A Blogger’s Paradise

BarroMetrics Views: A Blogger’s Paradise

I started this blog to help readers of Nature of Trends (NOT) understand my ideas and to gain greater insight on how I applied the concept.  Of course, my objective has expanded over time. Nevertheless,  my original aim is still the main one.

Now, I don’t always find it easy to write a daily blog – sometimes ideas are hard to come by. But sometimes, the market provides an opportunity I can only describe as a ‘blogger’s paradise’. Last night, the S&P provided such an opportunity.  Let me start the blog by explaining to the non-readers of NOT that the foundations of my plan’s technical approach are:

  • A variation of the Elliott Wave, an objective version, I call the Ray Wave
  • The ideas and principles of Richard Wyckoff.
  • Pete Steidlmayer’s Market Profile. And while Pete Steidlmayer would probably not agree, I see his Market Profile as an extension of Wyckoff’s ideas.
  • One of the common elements of Wyckoff and the Profile are the concepts and strategies around the relationship of price direction, price range and volume. Market Delta has added a dimension to the analysis by classifying real-time volume as being buyer or seller control.
  • To these ideas I have added the Barros Swing and
  • Finally you have traditional technical analysis (Edwards and McGee patterns) and traditional candlestick principles

That completes the elements of my approach. Let’s now turn to the S&P.

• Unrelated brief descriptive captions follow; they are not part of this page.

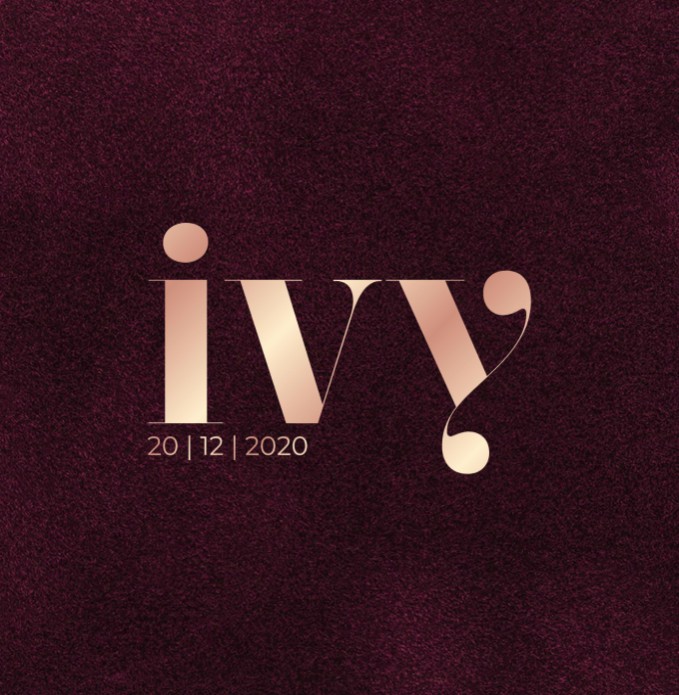 Écht velvet geboortekaartje in de kleur bordeauxrood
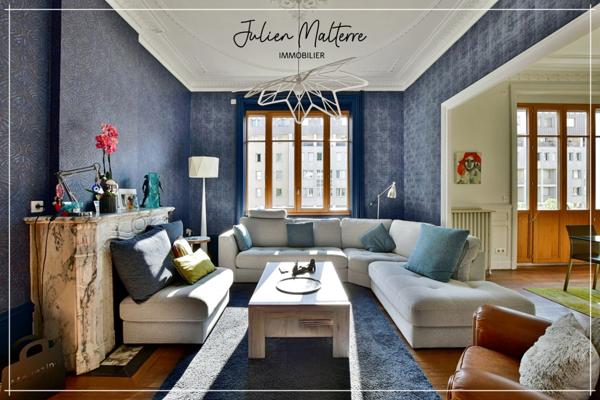 Maison bourgeoise 1920 de 210 m² habitables et ses dépendances, 6 chambres, au coeur de St-Etienne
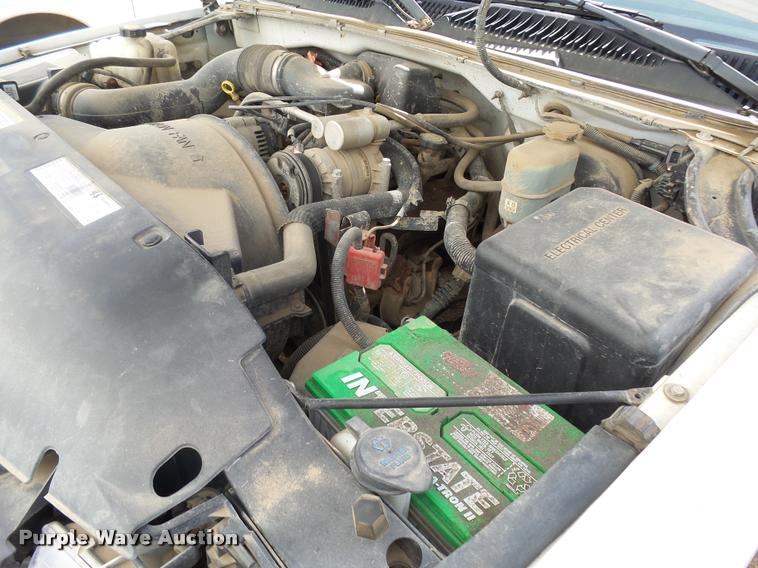 image for item DH9612 2000 Chevrolet Silverado 1500 pickup truck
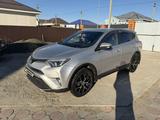 Toyota RAV4 2018 года за 11 000 000 тг. в Атырау – фото 2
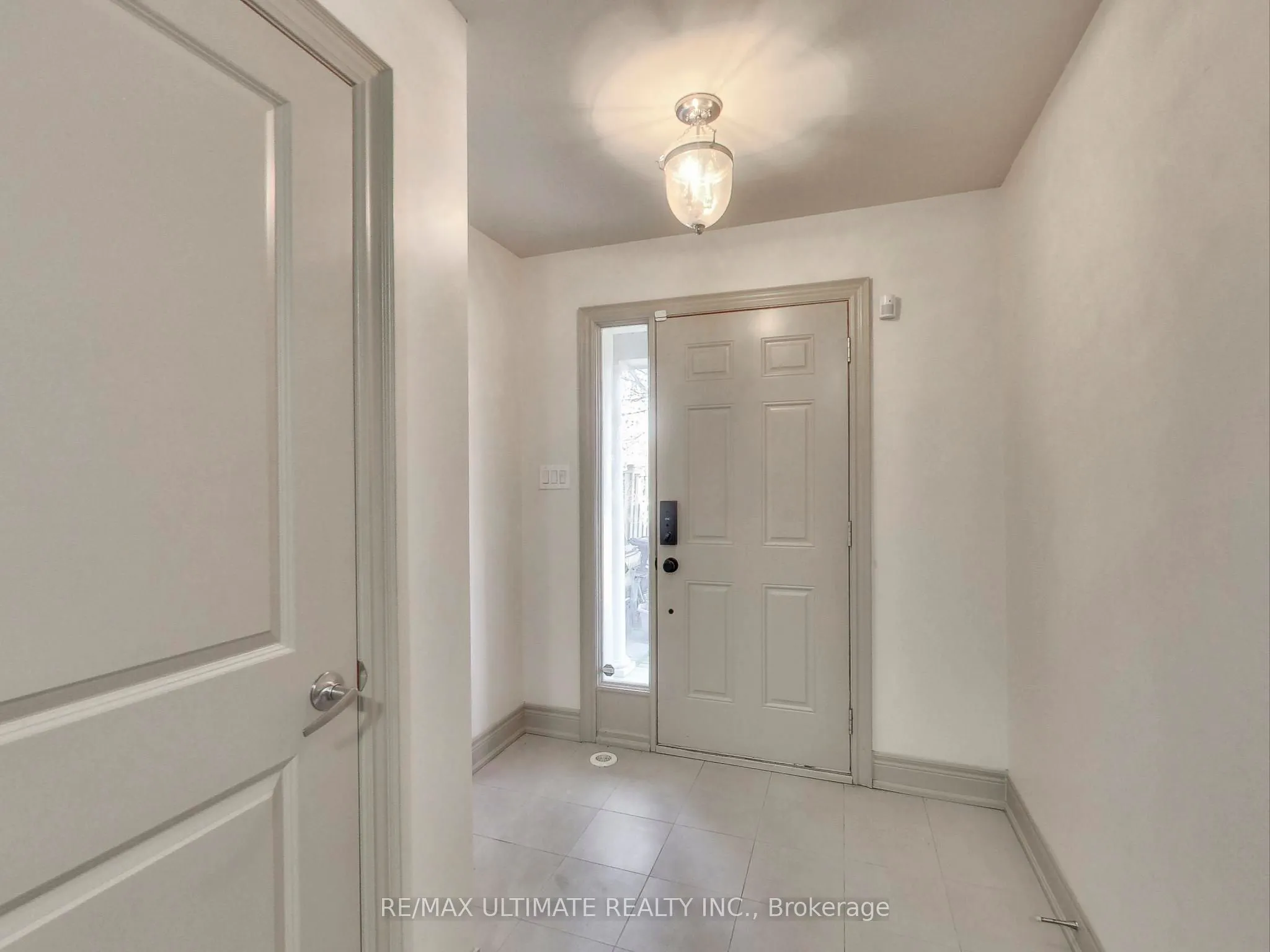 62 Monclova Road, #Upper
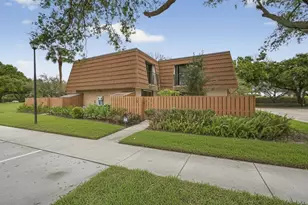 168 Heritage Way, West Palm Beach, FL 33407 - Photo 1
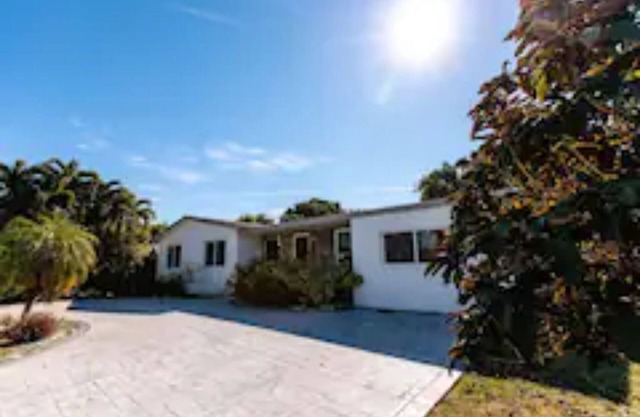 Miami Aventura House Close to Hard Rock Stadium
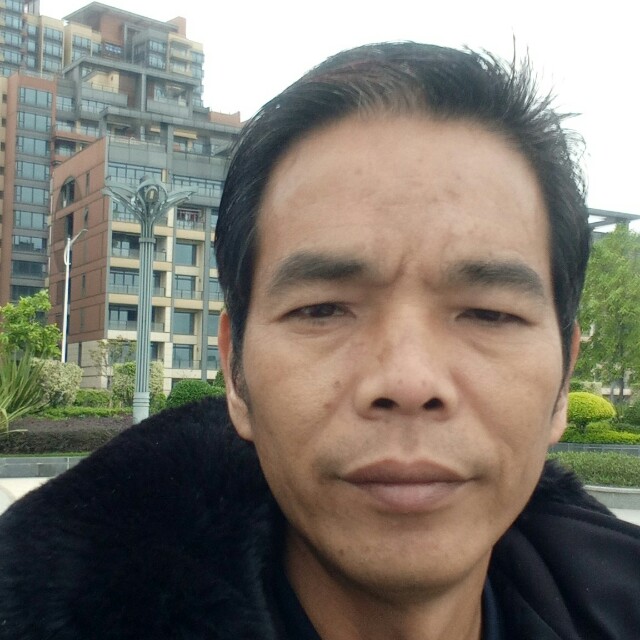 积极人生秋天的风的照片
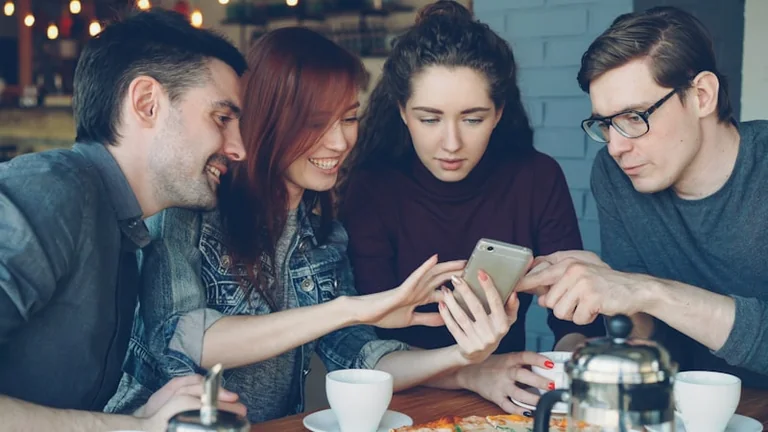 Café sans-frontières à Grenoble : pratiquer pour 6 €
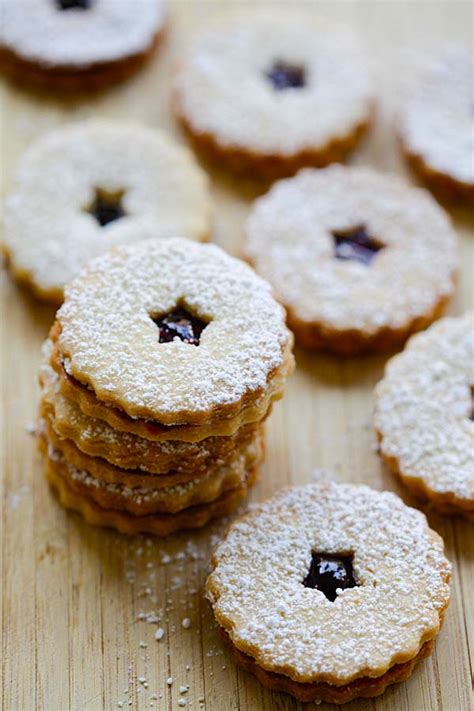 Linzer Cookies | Easy Delicious Recipes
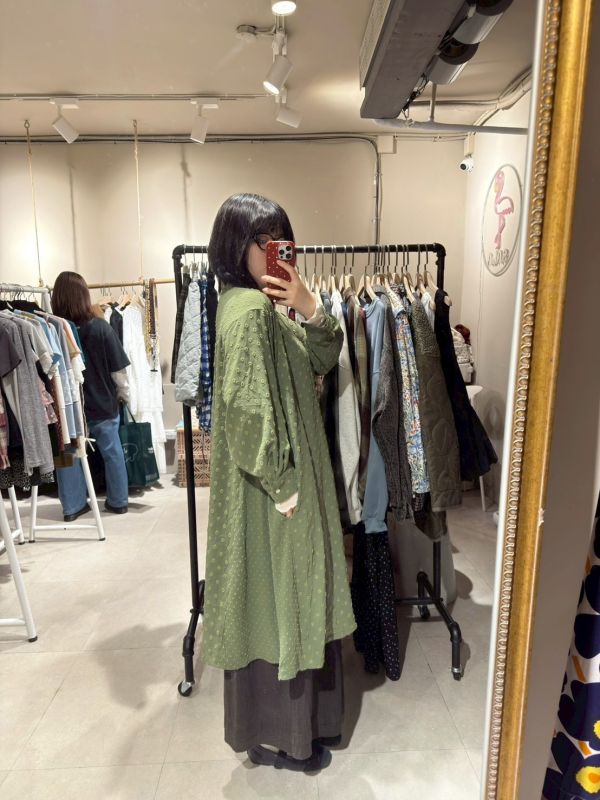 草綠色圓點立體刺繡長袖洋裝 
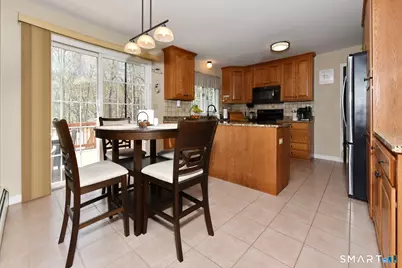 31 North Maple Street, East Hampton, CT 06424 - Photo 5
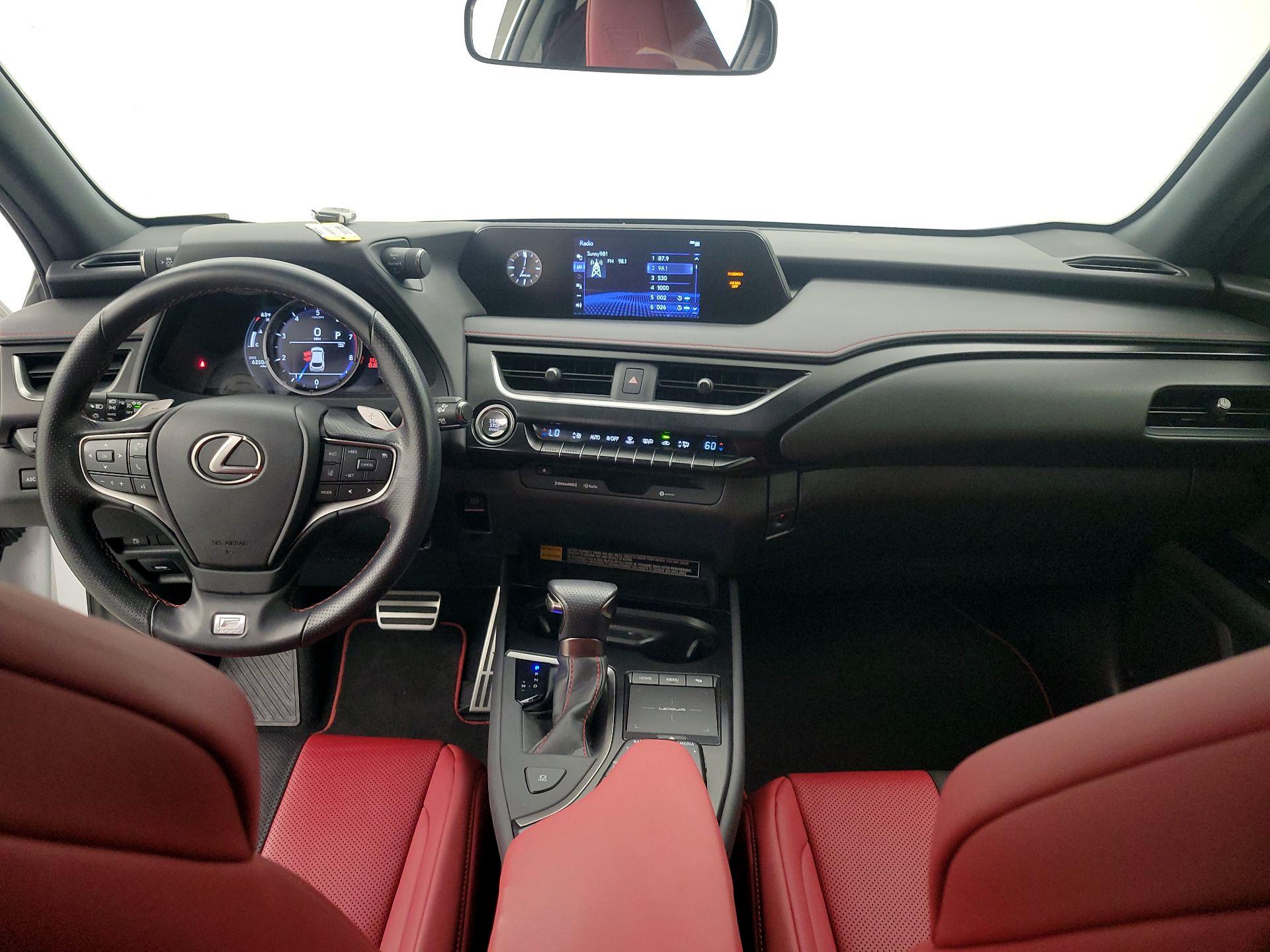 Thumbnail: 2021 Lexus UX - 9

The first pattern I want to show you is found in Figure 1: the monthly chart of the S&P. This is the pattern that is controlling current price action and is a pattern is that Peter Steidlmayer called a ‘313 Outside’. The elements of the Pattern are:

  •  A sideways market (313)
  • The breach of an extreme in the direction of the original direction move (trend) and
  • Failure to follow through on the break.
  • This calls for a move to at least the Primary Sell Zone.

In Figure 1 the prior 12-M Barros Swing trend (Yearly Trend) was up. At 666.80, the S&P took out the low at 768.65 but failed to continue South. Instead we saw the S&P return into congestion. This price action provides a highly probable move to the Primary Sell Zone at 1577 to 1476.

More tomorrow


FIGURE 1 12-Month S&P

1 thought on “A Blogger’s Paradise”

  1. Dear Ray,

    I am currently reading the NOT and it has made me to view tha market in a different way then before. Thanks for this!
    Please let me some technical question regarding the Barros Swing in some special cases that are not mentioned in the book and in the video among your freestuff:

    E.g. If I draw a 1-period swing, started from a significant low, it is clear that I sould continue to draw the swing to the Highs of each consecutive bar as long as Highs are going higher.
    It is also clear that in case of an “inside bar” I should wait how to continue.
    The next step, however, is unclear to me in some special cases. Say that the last bar where swing was drawn is N, and the inside bar is N+1.
    – what if N+2 bar has higher high and lower low than N+1, but still has lower high and higher low than N?
    – what if N+2 bar has higher high and lower low than both N+1 and N?
    – what if N+2 bar has higher high and higher low than N+1, but it still has lower high than N? Should I draw the swing to the High of the N+2 bar in this case despite it is lower than the High of N?
    if yes, does it mean that swings are not necessarily drawned to extreme points?
    – what if N+2 bar has lower high and lower low than N+1, but it still has higher low than N? Should the swing turn down in this case? If yes, does it mean that swings not necessarily turn on extreme points?
    Are there any Barros Swing rules for such cases that I have missed?